Julie Ordonez ’23, who took the forum and studied the future of food production systems as the world’s population grows, agreed that the course helped her take a systematic approach to problem solving.

“[The forum] made me think differently about even how to start looking at a problem: where to start, who to ask, and how not to bring your biases into the research,” Ordonez said.

Kingsley pointed out that systems mapping can help people implement real change by altering the way they deal with challenges.

“I believe none of us can be an effective entrepreneur and change agent without the tools of systems thinking,” Kingsley said. “We need to understand the problems, their root causes and the perspective of all stakeholders before we can develop and launch solutions.”

Ordonez said the forum helped her analyze systemic issues and find concrete ways to address them.

“A lot of times my classmates and I leave the classroom after learning about really hard things like oppression, racism and sexism, discouraged,” Ordonez said. “A class like this is the only class [type] where you don’t feel like it.

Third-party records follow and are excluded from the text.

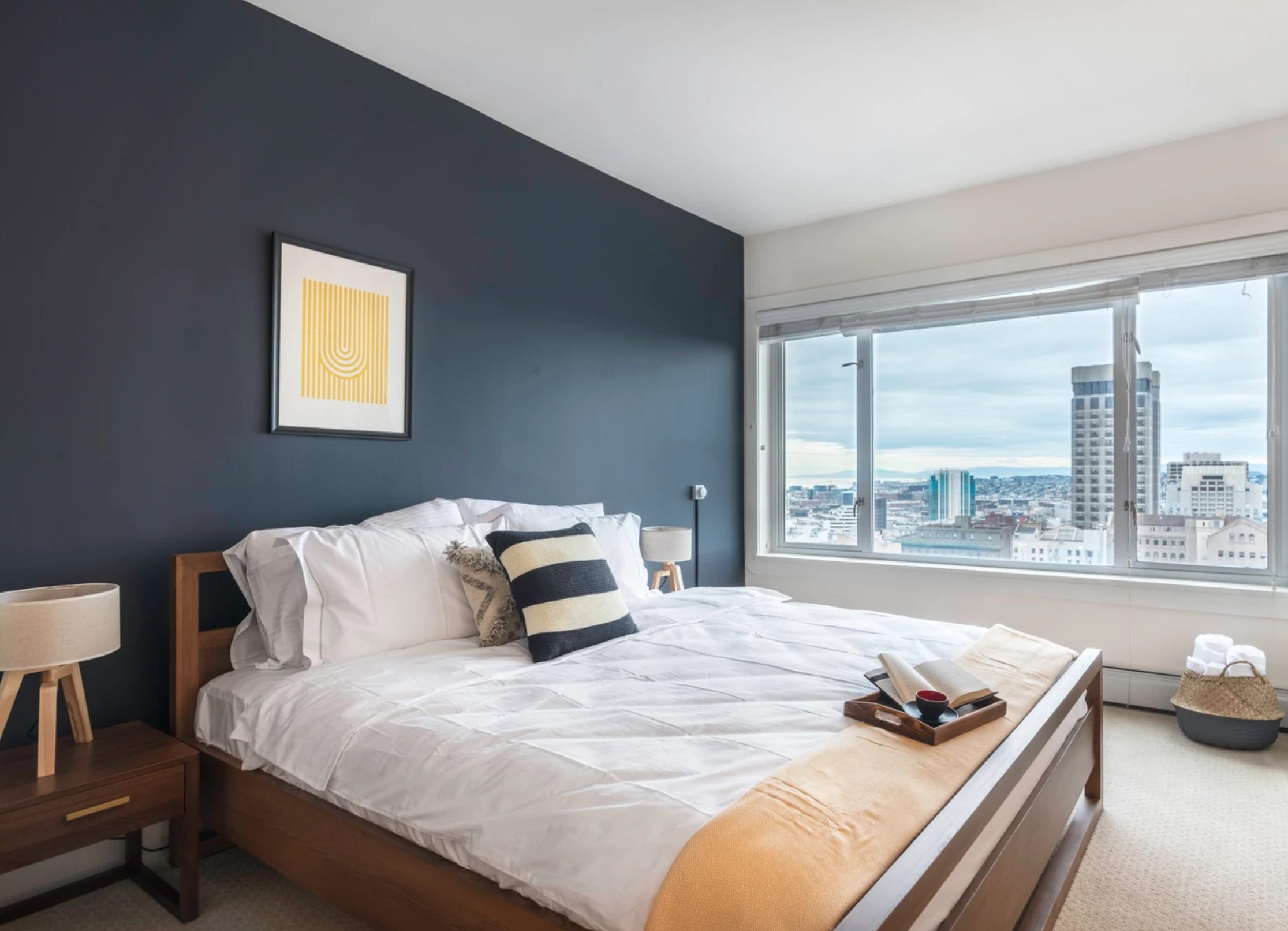 Pinnacle at Nob Hill Corporate Living Apartment Locator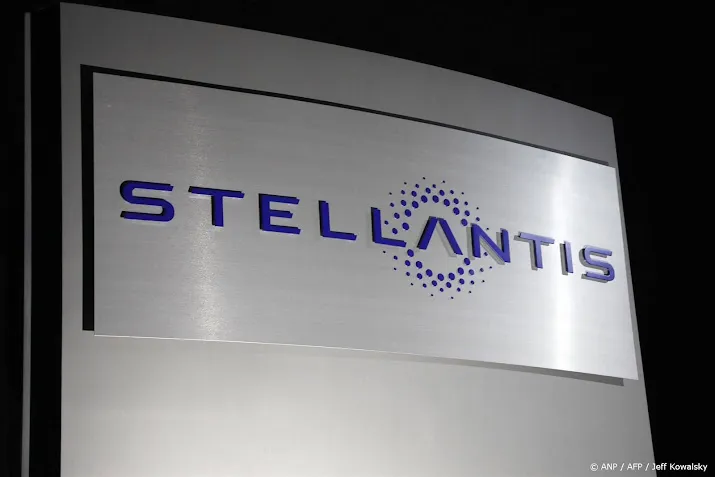 winst stellantis flink gedaald door amerikaanse stakingen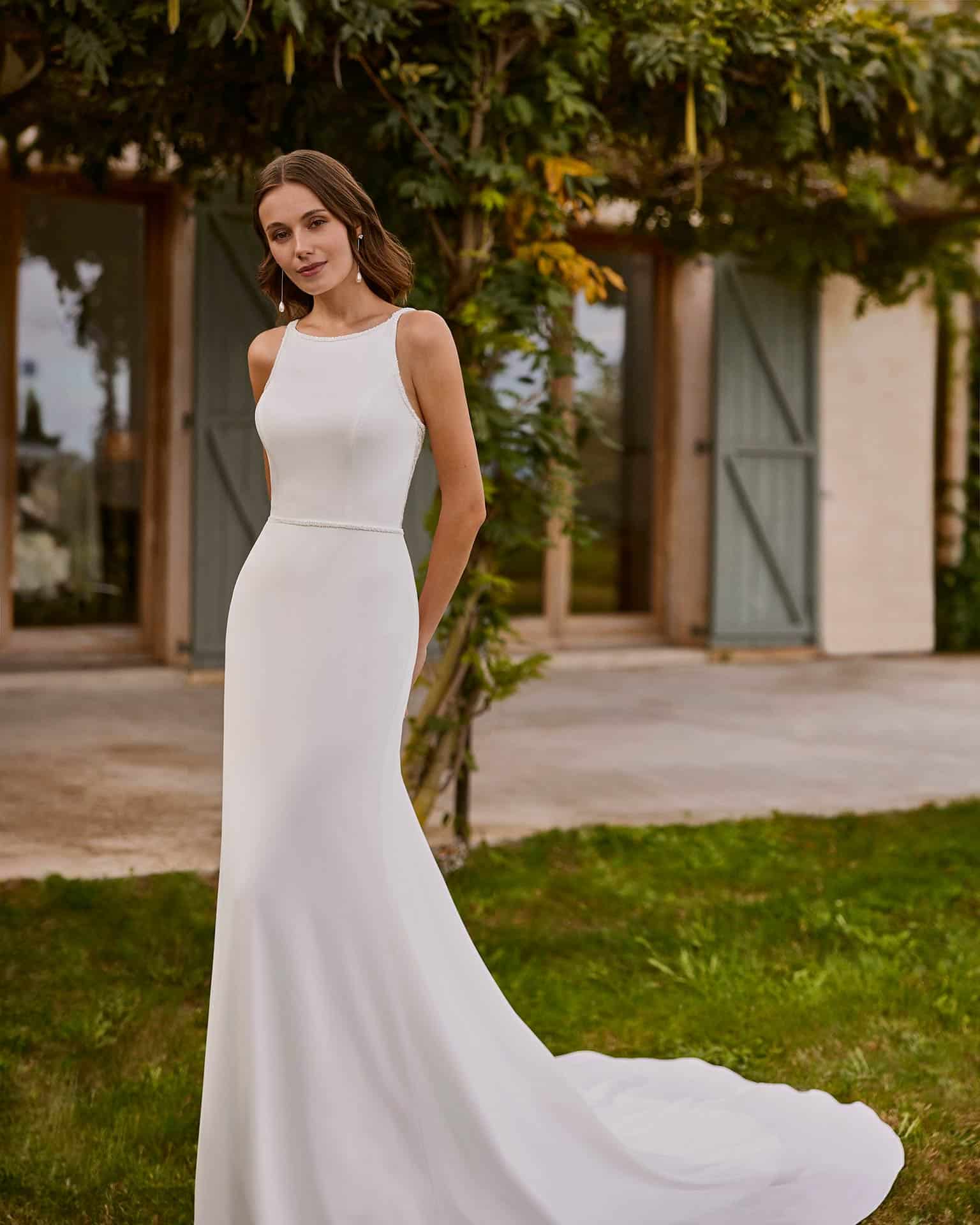 Brautkleid naitel alma novia bei VeRina Brautmoden in Hille Rothenuffeln eng figurbetont hochgeschlossen Schleppe offener Rücken (2)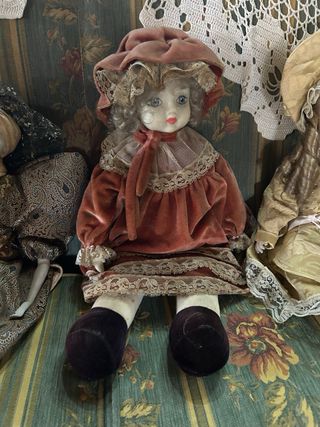 6 vecchie bambole in porcellana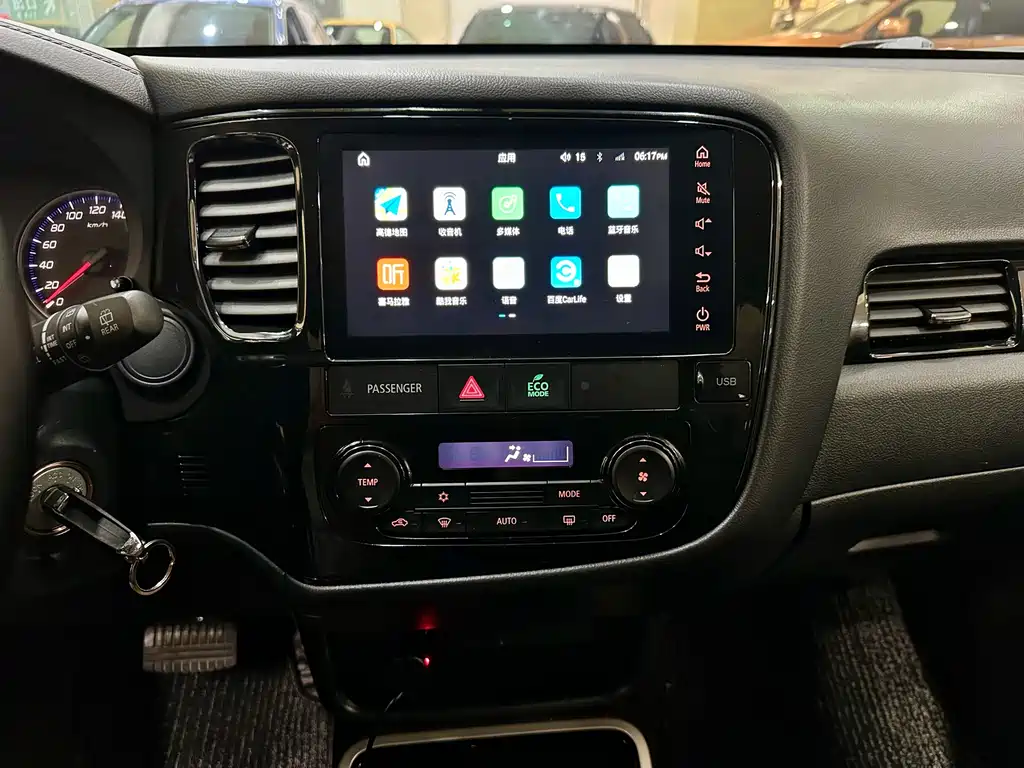 Mitsubishi Outlander 2021 — фото 14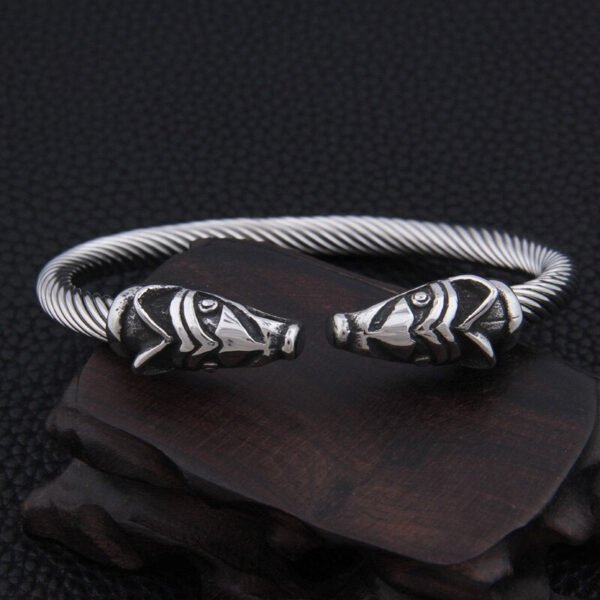 Magicun Viking~2019 new arrival Stainless steel Nordic Viking Raven bracelet adjustable never lose color men jewelry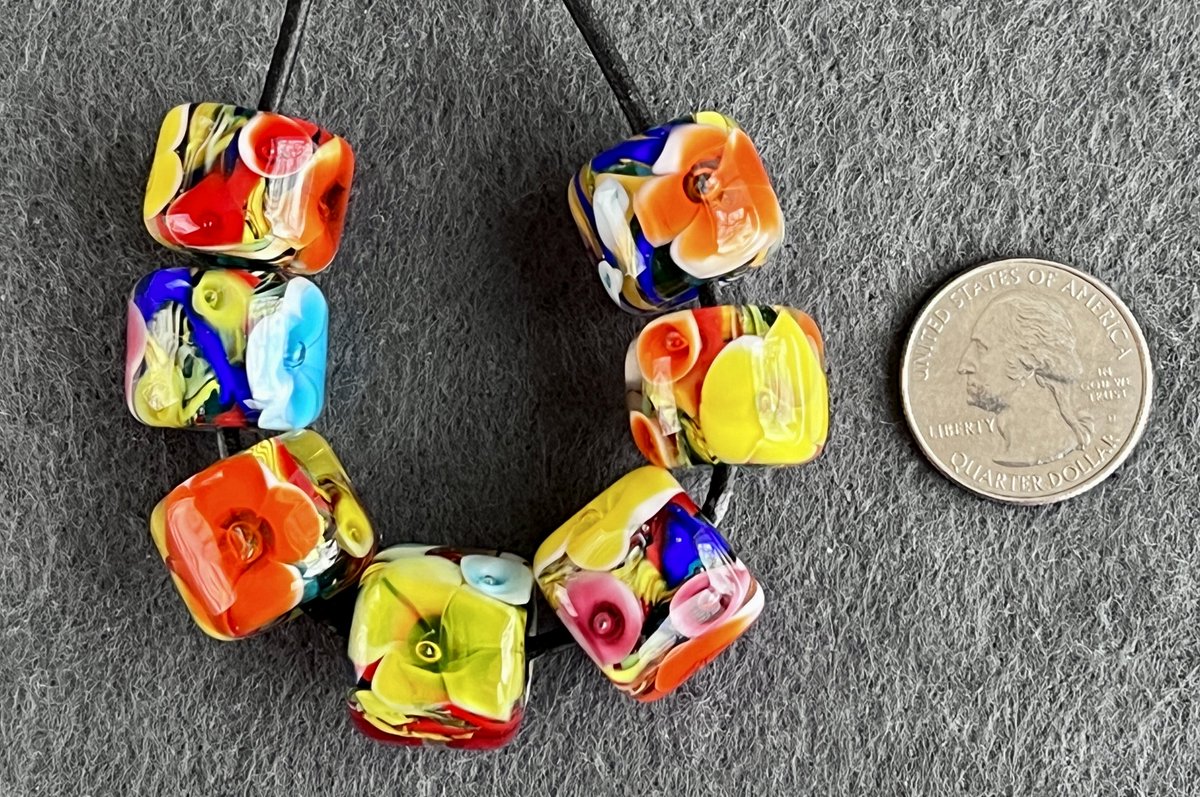 #justlisted this #bright new #floral #set into the @etsy shop!  Vibrant and fun, #spring has arrived in glass!  

etsy.me/47TIIuq

#handmade #lamwpork #jewelrysupplies #floralbeads #flowerbeads #encasedbeads #artisan #beadset #handmadebeads #new #newlisting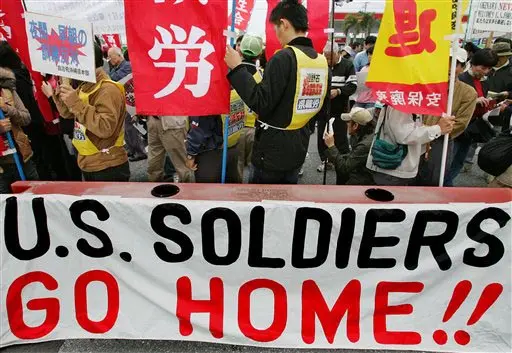 תושבי אוקינאווה דורשים מהממשלה לפנות את בסיס צבא ארה"ב מהאי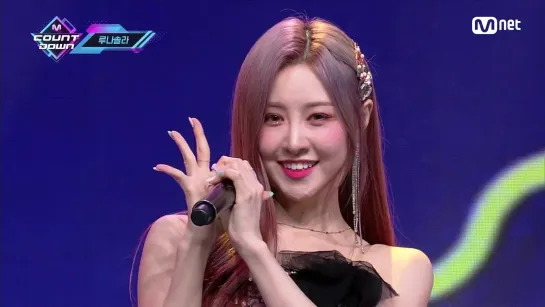 LUNARSOLAR (루나솔라) – OH YA YA YA (노는 게 제일 좋아) [KPOP TV Show | M COUNTDOWN 08.10.2020 EP.685]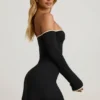 Rochie mini Stasia din modal, cu umeri decupați și croi în A, de culoare neagră Rochie mini Stasia din modal, cu umeri decupați și croi în A, de culoare neagră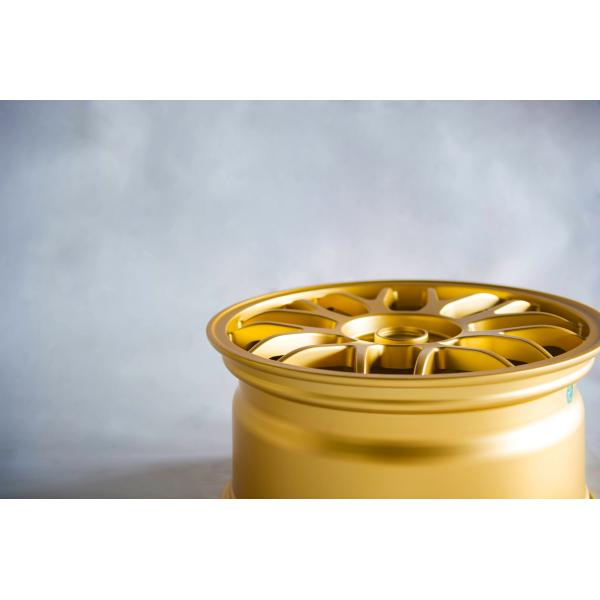 L'alliage de titane mat populaire 17 * 8,5 pouces coulées roues de voiture de tourisme PCD 5 * 100 ET 48 mm Jantes en aluminium une pièce coulée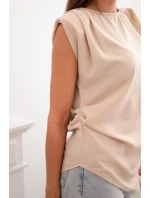 Elegantní dámská halenka s volánky a asymetrickým střihem béžový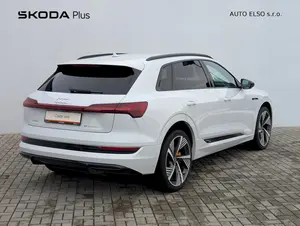 Audi E-tron 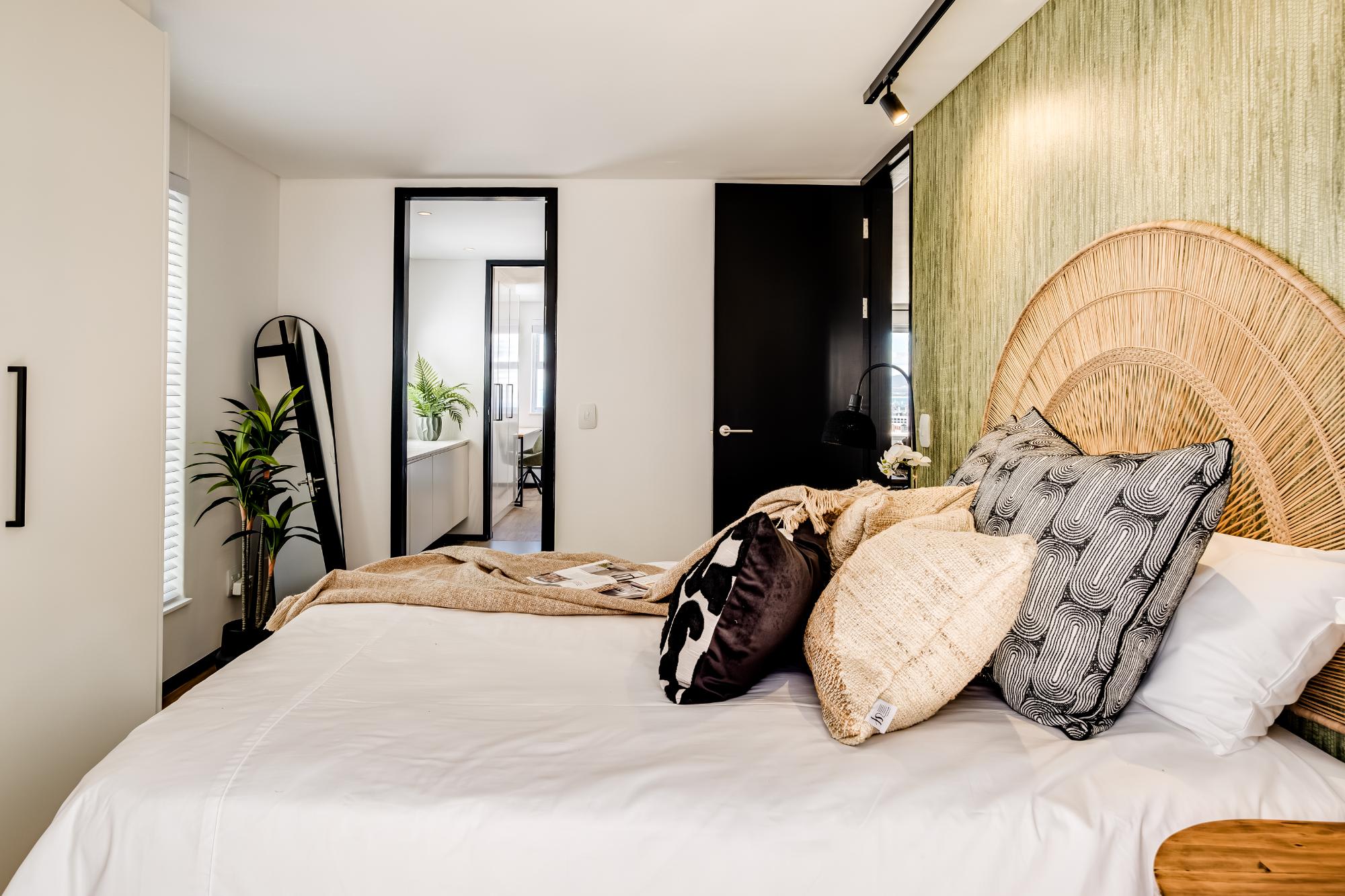 property_[object Object]_12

Kingsley agreed that the forum provides valuable hands-on learning and hopes students will have more opportunities in the future to organize projects independently and engage with groups outside the University.

“Wesleyan has always celebrated ‘practical idealism,’ and my job at the Patricelli Center is to support students who want to go out and change the world,” Kingsley said. “I would like to see more opportunities for applied and experiential learning integrated into school life, from project-based summaries in all majors to service-learning courses in more departments.”